The engines of state are in full gear this week, as the U.S. capital region prepares for the Inauguration of the 44th U.S. president, Barack Obama, as millions of Americans will leave their car engines off and take to the sidewalks and Metro stops for a place in history.
With tens of thousands clogging Congressional offices with e-mails and voice messages, hot on the pursuit for coveted tickets to next Tuesday’s Inauguration Ceremony, national and local governments have engaged in extensive planning to avoid logistical nightmares.
Both U.S. representatives of the Falls Church area have reported enormous interest in ticket
requests, which would earn the lucky spectator a seat or standing room in close proximity of the West view of the U.S. Capitol, the central stage for next Tuesday’s action.
The offices of 8th district U.S. Rep. Jim Moran and 11th district U.S. Rep Gerry Connolly said that ticket requests numbered in the tens of thousands, with Moran’s office reporting more than 17,000 ticket requests. “We’ve had more than 10,000 requests,” said George Burke, the Communications Director for Connolly’s D.C. office. “But there were only a couple hundred tickets.”

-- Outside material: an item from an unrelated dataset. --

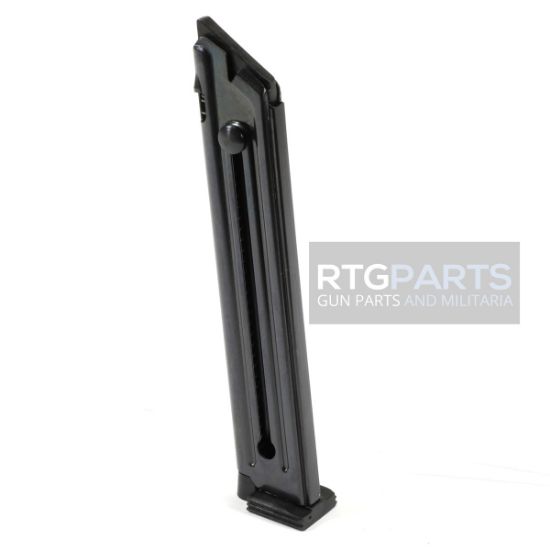 Picture of MEC-GAR RUGER MARK III & IV 10RD MAGAZINE NEW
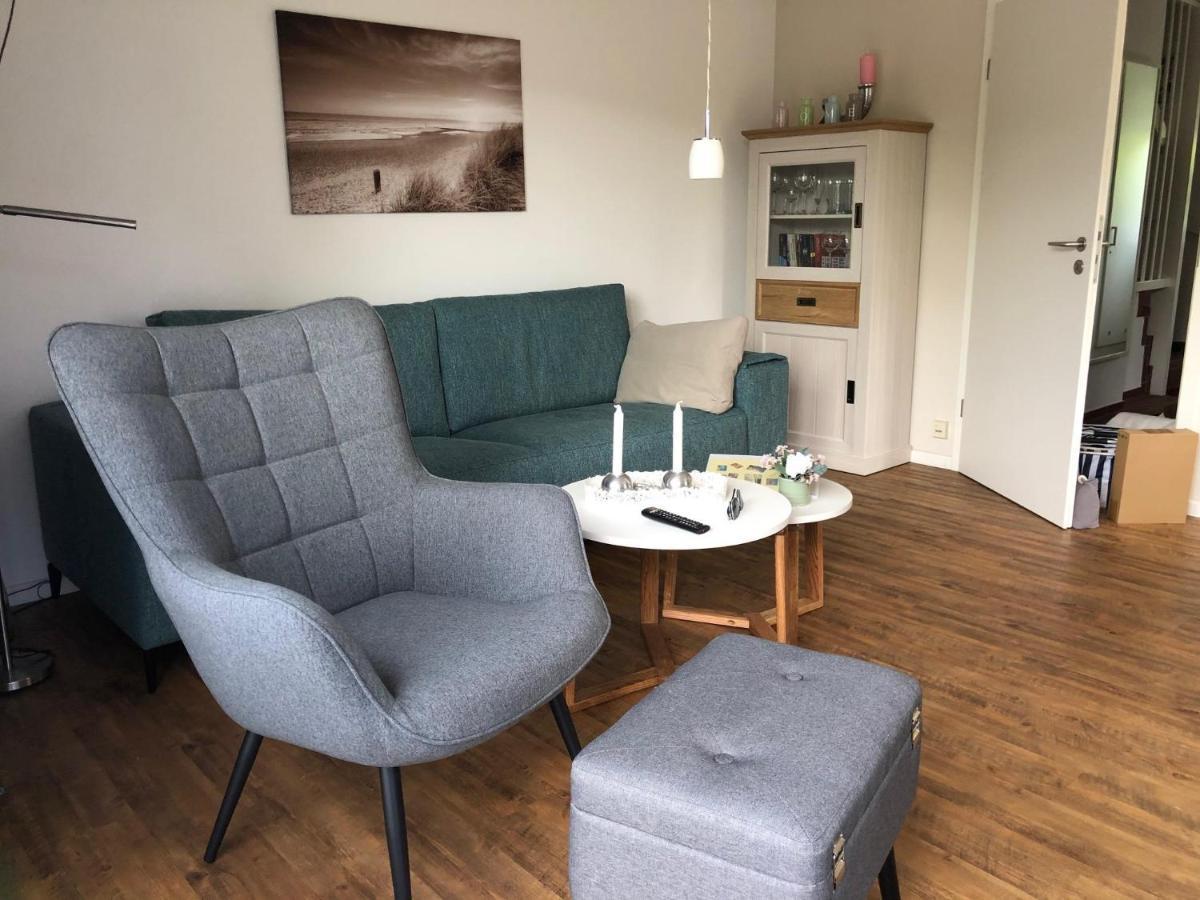 Ferienhaus Spo 54 Grad Занкт-Петер-Ордінг Екстер'єр фото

Connolly’s office distributed the select pool of tickets via a lottery that awarded two tickets per lottery winner, with a limit of one entry per 11th district household. In all, along with several tens of thousands of ticket-holders, Inauguration planners are expecting upwards of two to four million visitors.
With all Virginia-side bridges closed to cars after 2 a.m. Tuesday and heavy restrictions on all non-essential and non-mass transit traffic, millions of commuters will turn to the Metrorail and bus mass transit system, which include buses in Falls Church City and Fairfax County. “There has been talk of 20-mile back-ups along Route 66,” said Barbara Gordon, Communications Director for the City of Falls Church, reporting plans from the Virginia Department of Transportation, which has acted with regional transportation authorities to alleviate the expected stresses on the road system.
Falls Church’s GEORGE bus system, which operates between 6 a.m. and 7 p.m. within the City of Falls Church between the West and East Falls Church Metrorail stations, and the Fairfax Connector, which will provide enhanced widespread coverage across the county from 4 a.m. – midnight, will run at no cost to commuters on Tuesday. For a detailed schedule and list of free parking bus stops in Falls Church and Fairfax, visit the bus systems’ web sites, respectively at www.fallschurchva.gov/content/culturerecreation/faresandschedules.aspx and www.fairfaxconnector.com. Other Virginia area buses that stop at Metrorail stations will also be free on Inauguration Day.
Metrorail will begin operation at 4 a.m. on Tuesday, as well.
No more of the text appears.